News

MLA responds to ABA’s criticism over producer share of retail $

Jon Condon 03/12/2012

 

Meat & Livestock Australia has provided a response to criticisms made last week by the Australian Beef Association over MLA’s recent release of its new producer share of retail dollar assessment.

The new industry benchmark was launched during MLA’s annual general meeting in Perth last month. Managing director Scott Hansen said the annual calculation was designed to help gauge the state of health of the beef industry.

He warned stakeholders, however, that it should not be used in isolation from other indicators (see Beef Central’s original report, “Retail $ share provides new tool to gauge industry health”).

Such a measurement has been called-for for some years by industry lobby group, the Australian Beef Association, as a useful gauge of industry and MLA performance.

In a follow-up report published on Beef Central last Wednesday, the ABA, through an article authored by southern director, David Byard, levelled a number of criticisms over the construct of MLA’s retail expenditure share assessment.

In the article “ABA responds to MLA's launch of retail share calculation”, he suggests that for such a tool to work with any success, it was important that the data used be factual and correct.

Mr Byard suggested MLA’s calculation was not based on appropriate figures. For example he said MLA’s own daily figures suggest that the price of young cattle on last week’s market was a fraction below $3.40/kg – a long way from the figure of $3.90 used in the 2012 retail share calculation.

Referring to this pricing ‘discrepancy’ highlighted by Mr Byard, MLA says the data quoted in the initial article referring to the release of the data was based on 2011-12 fiscal year average price for cattle – not the current market price.

The release by MLA of the fiscal year average of the producer share of the retail dollar was firmly grounded in a methodology used by the US Department of Agriculture, the response said.

MLA agained stressed that given the size, scope, complexity and constantly evolving nature of the Australian cattle and sheep industry, no single measure could provide a complete assessment of the state of the industry when used in isolation.

“The producer share of the retail dollar indicator should only be considered in conjunction with a group of indicators that are published by MLA on behalf of the industry,” it said.

These indicators included production figures, export volumes and value, the A$, beef consumption and domestic expenditure.

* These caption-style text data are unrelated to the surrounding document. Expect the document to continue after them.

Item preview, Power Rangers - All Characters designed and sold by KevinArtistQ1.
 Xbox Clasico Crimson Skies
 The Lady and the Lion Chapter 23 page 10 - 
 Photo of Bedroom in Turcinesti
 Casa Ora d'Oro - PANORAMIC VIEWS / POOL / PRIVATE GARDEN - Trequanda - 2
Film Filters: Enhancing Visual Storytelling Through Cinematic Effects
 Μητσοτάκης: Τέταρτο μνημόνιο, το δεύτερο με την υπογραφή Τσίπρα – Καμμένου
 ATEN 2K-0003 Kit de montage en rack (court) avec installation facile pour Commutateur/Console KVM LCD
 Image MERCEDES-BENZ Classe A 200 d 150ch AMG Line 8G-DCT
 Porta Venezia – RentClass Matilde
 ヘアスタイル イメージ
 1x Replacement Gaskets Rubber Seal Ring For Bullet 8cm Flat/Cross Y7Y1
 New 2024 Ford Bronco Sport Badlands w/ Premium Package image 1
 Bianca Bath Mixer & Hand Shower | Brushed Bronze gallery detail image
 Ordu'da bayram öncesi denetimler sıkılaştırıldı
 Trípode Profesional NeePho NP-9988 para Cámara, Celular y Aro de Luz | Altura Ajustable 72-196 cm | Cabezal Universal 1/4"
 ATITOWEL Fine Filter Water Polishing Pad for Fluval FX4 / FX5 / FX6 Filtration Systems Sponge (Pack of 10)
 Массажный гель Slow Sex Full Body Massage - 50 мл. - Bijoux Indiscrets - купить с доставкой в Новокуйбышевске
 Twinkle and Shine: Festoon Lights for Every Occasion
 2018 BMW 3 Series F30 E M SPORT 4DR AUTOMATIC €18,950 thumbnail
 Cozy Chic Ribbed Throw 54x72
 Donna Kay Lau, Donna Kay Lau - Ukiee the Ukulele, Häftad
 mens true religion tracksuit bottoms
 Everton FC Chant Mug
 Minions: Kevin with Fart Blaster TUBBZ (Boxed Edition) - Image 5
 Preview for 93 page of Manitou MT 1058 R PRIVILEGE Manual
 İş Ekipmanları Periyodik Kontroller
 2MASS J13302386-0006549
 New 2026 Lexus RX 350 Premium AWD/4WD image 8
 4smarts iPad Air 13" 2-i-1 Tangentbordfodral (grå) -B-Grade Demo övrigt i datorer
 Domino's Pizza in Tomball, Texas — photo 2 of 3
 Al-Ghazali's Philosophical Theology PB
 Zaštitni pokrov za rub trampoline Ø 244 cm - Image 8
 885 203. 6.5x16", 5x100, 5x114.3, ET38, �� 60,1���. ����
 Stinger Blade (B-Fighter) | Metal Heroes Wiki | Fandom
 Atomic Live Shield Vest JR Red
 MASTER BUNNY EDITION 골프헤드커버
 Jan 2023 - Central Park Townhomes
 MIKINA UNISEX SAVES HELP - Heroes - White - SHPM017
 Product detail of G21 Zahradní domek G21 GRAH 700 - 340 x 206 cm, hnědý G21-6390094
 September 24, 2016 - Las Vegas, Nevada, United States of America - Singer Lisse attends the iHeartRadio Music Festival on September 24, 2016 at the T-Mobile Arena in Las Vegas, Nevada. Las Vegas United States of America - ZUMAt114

The methodology and definitions for MLA’s calculation of the producer share of the retail dollar are outlined below:

 

The ‘producer share’ indicator calculation:

Producer’s share (PS) = ((farm price per unit of quantity) / (conversion factor representing the number of retail units derived from one unit of farm gate quantity) – (co-product value – if available)/average retail price per unit.

For beef this becomes:

Beef producer’s share = ((cattle price per kg carcase weight) / (0.57 being the average conversion from carcase weight to retail weight)) – (co-product value per kg retail weight)/average retail beef price per kg.

 

Data sources

  • Cattle: Cattle price used is domestic trade steer 180-220 cwt (C3) national weighted average collected by MLA's NLRS.
  • Average conversion from carcase weight to retail weight (57pc) sourced from Viascan data.
  • By-product value sourced from potential value of a prime steer collected through a survey of Australian domestic and export processors by Kurrajong Meat Technology for MLA.
  • Average retail beef price calculated using ABARES base quarterly figures and applying ABS quarterly price changes released with CPI (note: this ABS and ABARES data is not available on a monthly basis).